23. Başvurucu, ihlalin tespiti ile tazminat talebinde bulunmuştur.
24. Anayasa Mahkemesinin Mehmet Doğan ([GK], B. No: 2014/8875, 7/6/2018) kararında ihlal sonucuna varıldığında ihlalin nasıl ortadan kaldırılacağı hususunda genel ilkeler belirlenmiştir. Anayasa Mahkemesi diğer bir kararında ise bu ilkelerle birlikte ihlal kararının yerine getirilmemesinin sonuçlarına da değinmiş ve bu durumun ihlalin devamı anlamına geleceği gibi ilgili hakkın ikinci kez ihlal edilmesiyle sonuçlanacağına işaret etmiştir (Aligül Alkaya ve diğerleri (2), B. No: 2016/12506, 7/11/2019).
25. Bireysel başvuru kapsamında bir temel hakkın ihlal edildiğine karar verildiği takdirde ihlalin ve sonuçlarının ortadan kaldırıldığından söz edilebilmesi için temel kural, mümkün olduğunca eski hâle getirmenin yani ihlalden önceki duruma dönülmesinin sağlanmasıdır.

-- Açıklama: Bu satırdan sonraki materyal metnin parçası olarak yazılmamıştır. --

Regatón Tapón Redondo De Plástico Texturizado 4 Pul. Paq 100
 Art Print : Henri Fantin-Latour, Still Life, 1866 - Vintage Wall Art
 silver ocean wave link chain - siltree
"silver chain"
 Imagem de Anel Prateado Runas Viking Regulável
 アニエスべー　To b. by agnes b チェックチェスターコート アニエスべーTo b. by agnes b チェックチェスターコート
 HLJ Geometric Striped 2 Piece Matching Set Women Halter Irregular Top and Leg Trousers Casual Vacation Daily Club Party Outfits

Bunun için ise öncelikle ihlalin kaynağı belirlenerek devam eden ihlalin durdurulması, ihlale neden olan karar veya işlemin ve bunların yol açtığı sonuçların ortadan kaldırılması, varsa ihlalin sebep olduğu maddi ve manevi zararların giderilmesi, ayrıca bu bağlamda uygun görülen diğer tedbirlerin alınması gerekmektedir (Mehmet Doğan, §§ 55, 57).
26. İhlalin mahkeme kararından kaynaklandığı veya mahkemenin ihlali gideremediği durumlarda Anayasa Mahkemesi, 6216 sayılı Kanun’un 50. maddesinin (2) numaralı fıkrası ile Anayasa Mahkemesi İçtüzüğü’nün 79. maddesinin (1) numaralı fıkrasının (a) bendi uyarınca ihlalin ve sonuçlarının ortadan kaldırılması için yeniden yargılama yapılmak üzere kararın bir örneğinin ilgili mahkemeye gönderilmesine hükmeder. Anılan yasal düzenleme, usul hukukundaki benzer hukuki kurumlardan farklı olarak ihlali ortadan kaldırmak amacıyla yeniden yargılama sonucunu doğuran ve bireysel başvuruya özgülenen bir giderim yolunu öngörmektedir. Bu nedenle Anayasa Mahkemesi tarafından ihlal kararına bağlı olarak yeniden yargılama kararı verildiğinde, usul hukukundaki yargılamanın yenilenmesi kurumundan farklı olarak ilgili mahkemenin yeniden yargılama sebebinin varlığını kabul hususunda herhangi bir takdir yetkisi bulunmamaktadır. Dolayısıyla böyle bir kararın kendisine ulaştığı mahkemenin yasal yükümlülüğü, ilgilinin talebini beklemeksizin Anayasa Mahkemesinin ihlal kararı nedeniyle yeniden yargılama kararı vererek devam eden ihlalin sonuçlarını gidermek üzere gereken işlemleri yerine getirmektir (Mehmet Doğan, §§ 58, 59; Aligül Alkaya ve diğerleri (2), §§ 57-59, 66, 67).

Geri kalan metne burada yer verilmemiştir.